Community Groups Dismiss Oakland Coal Exports Case While Working with City to Exclude Coal from Project
Legal action helped clarify information in the City’s review process; the next step is to continue advocacy efforts while the City proceeds in good-faith
Today, Earthjustice, representing Communities for a Better Environment, the Sierra Club, San Francisco Baykeeper and the Asian Pacific Environmental Network, dismissed its case in Alameda County Superior Court against the City of Oakland and a group of developers led by Prologis CCIG Oakland Global LLC, challenging the City’s failure to conduct environmental review for the developers’ proposal to build California’s largest coal export terminal on the Oakland waterfront.
The City of Oakland, home to one of the West Coast’s major ports, is located across the Bay from San Francisco.
This dismissal comes after the City disclosed new information during the litigation process about its role in the terminal development and its expected process for evaluating and approving construction on the proposed terminal. The dismissal is without prejudice, preserves the groups’ right to re-file at a later date.
As the City continues its review of the health and safety effects of the proposed coal export terminal, and exercises its oversight over the proposed coal terminal, these community client groups will continue advocacy work to fight the unchecked development of a coal export terminal on the Oakland waterfront. Based on statements made by the City in the litigation, the groups wish to allow the City to proceed with its decision making in good-faith while keeping open the possibility for future legal action should it become necessary.
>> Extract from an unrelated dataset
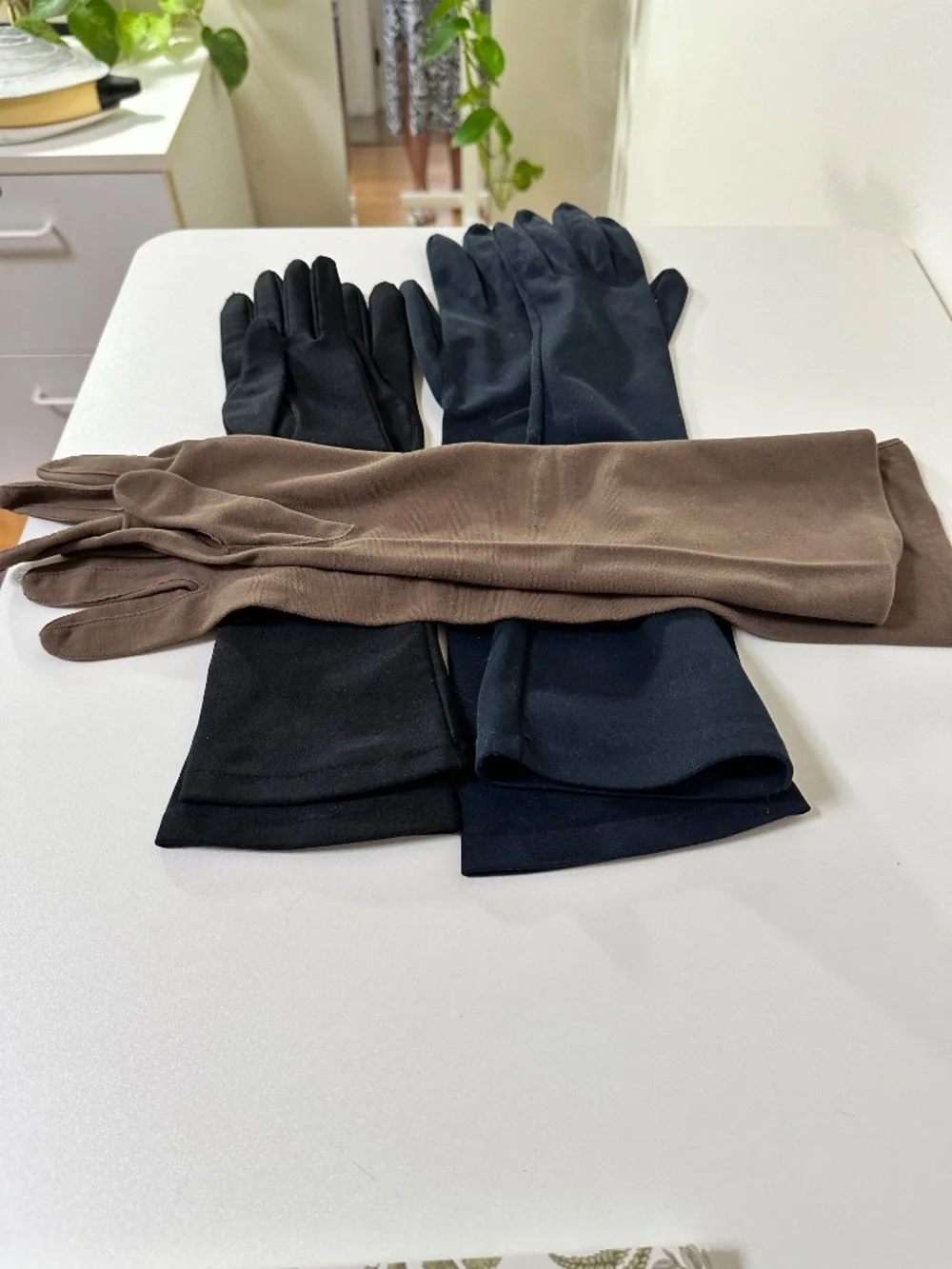 Three Pairs Vintage 1950s Gloves Long Length Size 7 Black Blue Taupe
Statement from Earthjustice Attorney Irene Gutierrez, attorney for petitioners: “We sued to protect the rights of Oakland residents to access information, detailing how developing California’s largest coal terminal on the Oakland waterfront would affect their health and environment. We believe it is in the best interest of our community client groups to continue advocacy efforts and work in good-faith with city staff to achieve a mutually acceptable solution. We remain vigilant in supporting this community’s efforts to safeguard itself from dirty coal and trust that the City of Oakland’s leaders will exercise oversight over the proposed development, including whether coal is or is not part of the project.”
In papers filed by the City of Oakland during the litigation, its lawyers stated that:
- Developer Prologis CCIG Oakland Global had pursued project funding from the Utah counties “without City support, knowledge or involvement.” (City of Oakland Demurrer at p. 2)(emphasis in original.)
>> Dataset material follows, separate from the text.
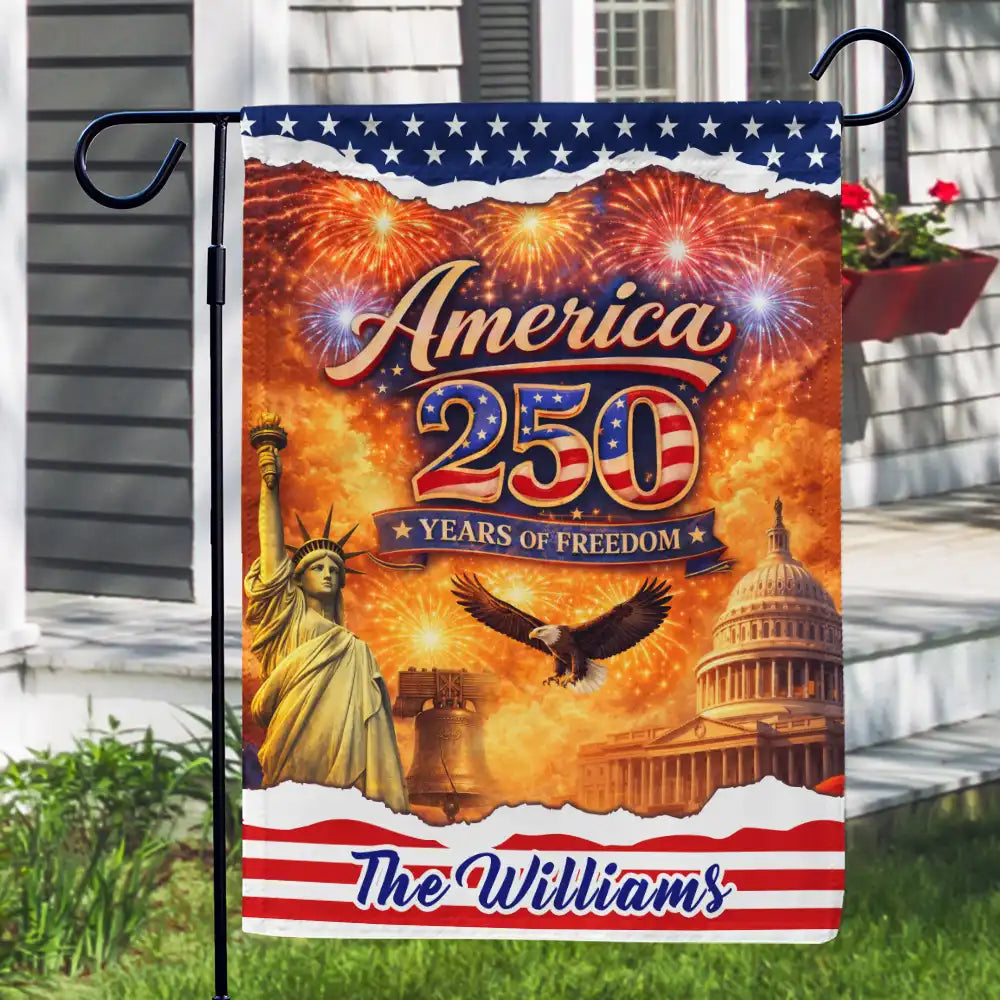 Gift For Couples, Gift For Husband, Gift For Wife, Gift For Boyfriend, Gift For Girlfriend, Parents, Gift For Yourself, Gift For Women, Gift For Men, Gift For Mother, Gift For Father, Gift For Daughter, Gift For Son, Family, Independence Day, America 250th, Happy - America 250 Years Of Freedom With Iconic Symbols - Personalized Flag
- “[T]he City has not taken an official position on whether Real Parties’ project approvals entitle them to transport coal.” (City of Oakland Demurrer at p. 3.)
- “The City is evaluating discretionary decisions it may take in the future with respect to Real Parties’ project (e.g., additional permit requirements), or which will apply to Real Parties’ project (e.g. new legislation that would apply to the project), and the scope of additional environmental review, if any, that it may require in connection with any such decision(s), consistent with its existing contractual obligations.” (City of Oakland Demurrer at p. 9, fn8.)
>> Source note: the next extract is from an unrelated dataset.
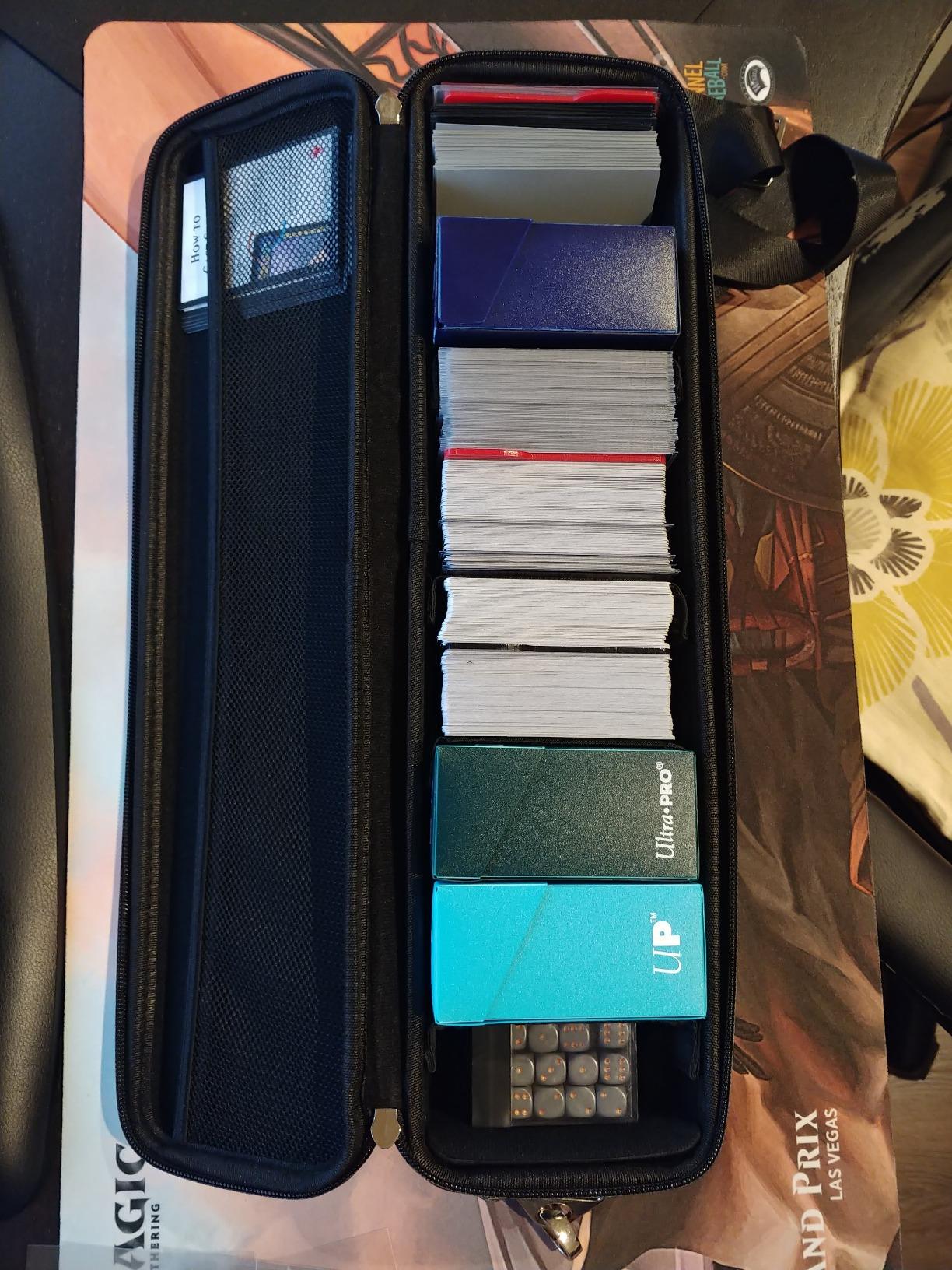 Quiver Time Black Card Carrying Case, MTG TCG Deck Box Case | Fits 1350+ cards, PU leather, water resistant, 5 velcro dividers, shoulder strap, MTG Commander ready customer photo 1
These statements provided Petitioners with new information about the City’s role to date with the coal export terminal, and its expectations for further oversight of the project. The City is currently assessing the health and safety concerns generated by the proposed coal export terminal, with further action expected by February 2016.
Background: After years of assurances that coal would not be transported through a bulk terminal on the former Oakland Army Base, in April 2015, community members learned that the project developers had cut a secret funding deal with four Utah counties that would bring coal into Oakland. In exchange for $53 million in project funding, the developers promised the Utah counties shipping rights to at least 49 percent of the bulk terminal’s 9–10 million ton annual shipping capacity, which would make the terminal California’s largest coal export terminal. On October 2, 2015, community groups sued the City and developers for the City’s failure to conduct the environmental review of the proposed coal terminal required by the California Environmental Quality Act.